Temos um conjunto de questões muito complexas. Por falta de legislação específica, de critérios, o Judiciário, com base nas suas decisões, está criando jurisprudência que estão virando regras e algumas que colocam o Ministério do Trabalho na defensiva, já que o órgão passa a se obrigado a fazer o que a Justiça manda. A intromissão dos poderes públicos na organização e representação sindical fere o princípio da liberdade e autonomia sindical. É um tema realmente complexo, que exige um debate aprofundado e muita maturidade política. Estamos levando a proposta inicialmente e precisamos que o governo tenha coragem e determine a criação de normativos mais sérios sobre o assunto.
Como a Contag vê a participação das centrais na construção de um projeto coletivo? 
É preciso destacar que esta não é uma prática muito cotidiana. Para se compreender a dimensão política disso, nessa nossa diversidade trouxemos duas centrais sindicais para discutir os temas da Contag, e as duas podem ser uma âncora de apoio às nossas lutas. Uma é interna, do ponto de vista da organização sindical no campo, e a outra relaciona-se ao projeto político e engloba as grandes questões nacionais que afetam os trabalhadores do campo, entre elas a ausência da reforma agrária, da regularização fundiária, das condições de trabalho e salários dignos, combate à informalidade e do desenvolvimento rural sustentável do campo brasileiro. Queremos fortalecer nossa aliança com as centrais CUT e CBT e com demais organizações parceiras para avançarmos na implantação do nosso projeto alternativo de desenvolvimento rural sustentável e solidário para o campo brasileiro.
Em 2013, a Contag completou 50 anos. O que podemos destacar na história da confederação?
Ao completar meio século de vida, a Contag apresenta uma trajetória de luta e grandes conquistas que melhoraram as condições de vida de milhares de trabalhadores rurais, fruto da organização, trabalho e da mobilização dos mais de 4 mil sindicatos e das 27 federações filiadas que compõem, junto com a Contag, o Movimento Sindical de Trabalhadores e Trabalhadoras Rurais (MSTTR).
A Contag iniciou sua atuação no momento em que se discutiam as reformas de base onde se tratava as relações de trabalho, os assalariados rurais, a reforma agrária e regulação fundiária.

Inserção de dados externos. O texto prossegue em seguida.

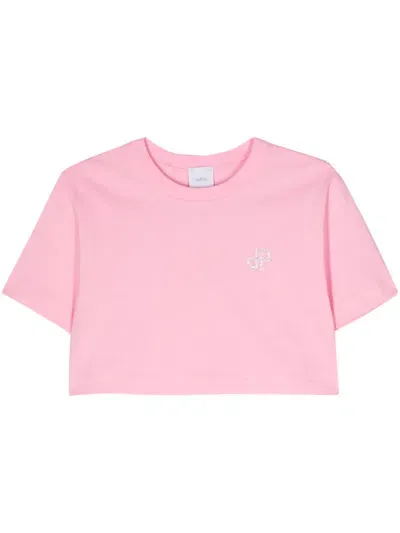 Patou Logo-embellished Cotton Cropped T-shirt In Pink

Em 1964, o golpe militar reprimiu todos os movimentos populares, inclusive suas lideranças e políticos comprometidos com as reformas de base. A Contag sofreu intervenção e o primeiro presidente da entidade, Lyndolpho Silva, foi preso e exilado. Outras lideranças e dirigentes sindicais foram torturados, exilados e assassinados. A Contag integrou, junto a outros movimentos sociais, a vanguarda na luta contra a ditadura militar e pela redemocratização do Brasil, reivindicando uma ampla e irrestrita anistia política, eleições diretas e a convocação da Assembleia Nacional Constituinte.

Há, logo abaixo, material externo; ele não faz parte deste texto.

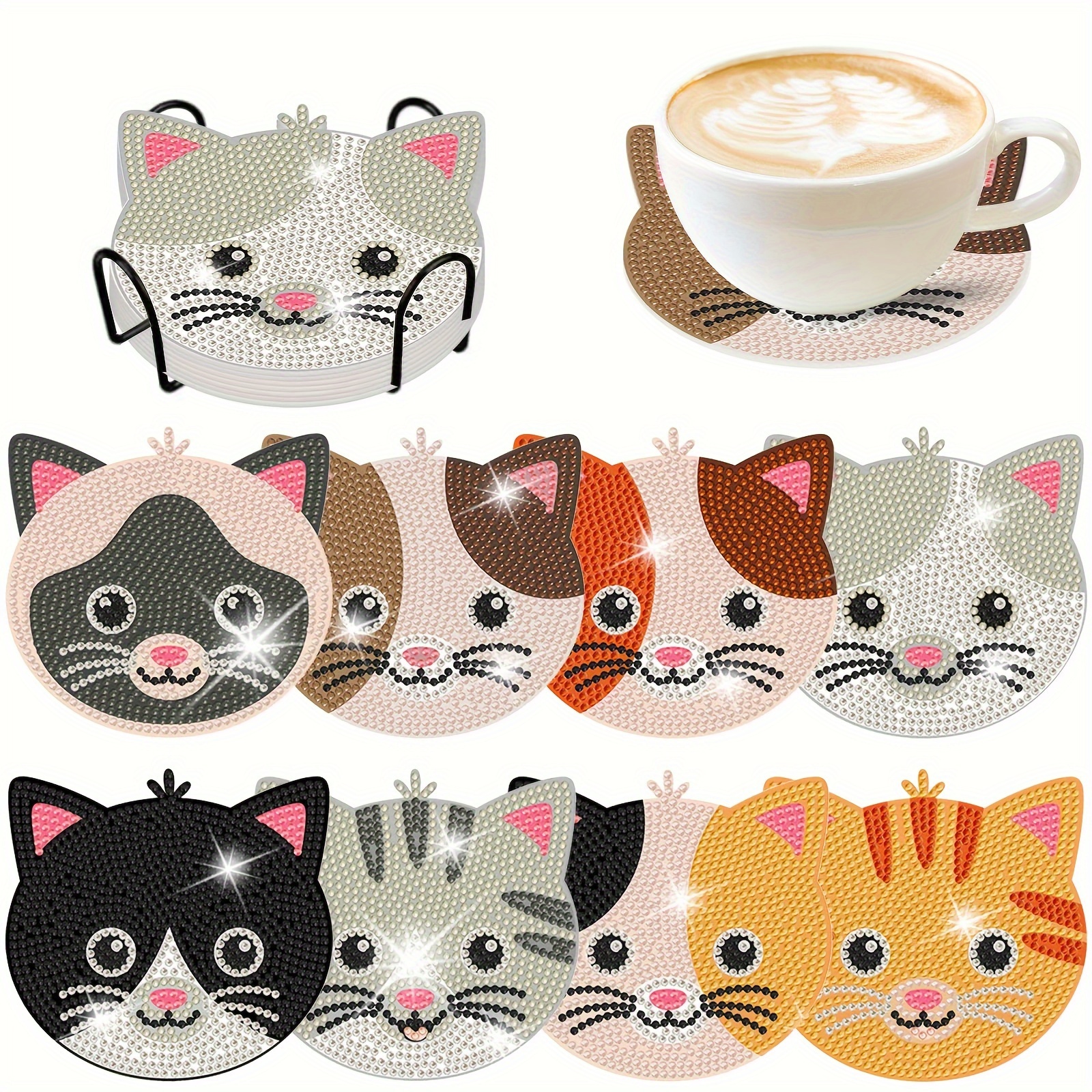 

8pcs Diy Diamond Painting Coaster Set Stand - Gem Art Cat , Kit For Adults & Beginners,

Durante a Constituinte, alcançamos conquistas importantes, como a inclusão dos rurais no Regime Geral da Previdência Social e a extensão dos direitos trabalhistas aos assalariados(as) rurais. Em contraposição ao avanço das políticas neoliberais e o fortalecimento do atual modelo agrícola predominante, formado pela aliança da classe patronal com o capital financeiro e industrial denominado Agronegócio, o MSTTR construiu o Projeto Alternativo de Desenvolvimento Rural Sustentável e Solidário (PADRSS) como um instrumento estratégico para assegurar melhores condições de vida e de trabalho para o homem e a mulher do campo, através da reforma agrária, da valorização e fortalecimento da agricultura familiar, da valorização do trabalho e por políticas públicas capazes de assegurar a inclusão social e a qualidade de vida no campo brasileiro.
Esses 50 anos foram marcados pelas constantes mobilizações em defesa dos interesses dos trabalhadores e trabalhadoras rurais, entre as quais podem ser destacadas o Grito da Terra Brasil, a Marcha das Margaridas, o Festival da Juventude e a Mobilização dos Assalariados(as) Rurais, que continuam conquistando melhorias para toda a população do campo. Internamente, a Contag fortaleceu a democracia, assegurando a integração das mulheres, dos jovens e das pessoas da terceira idade em suas mobilizações e instâncias deliberativas. A Contag é referência no país na luta pela construção de uma sociedade mais justa, democrática e igualitária, e na defesa permanente dos interesses dos trabalhadores e trabalhadoras rurais."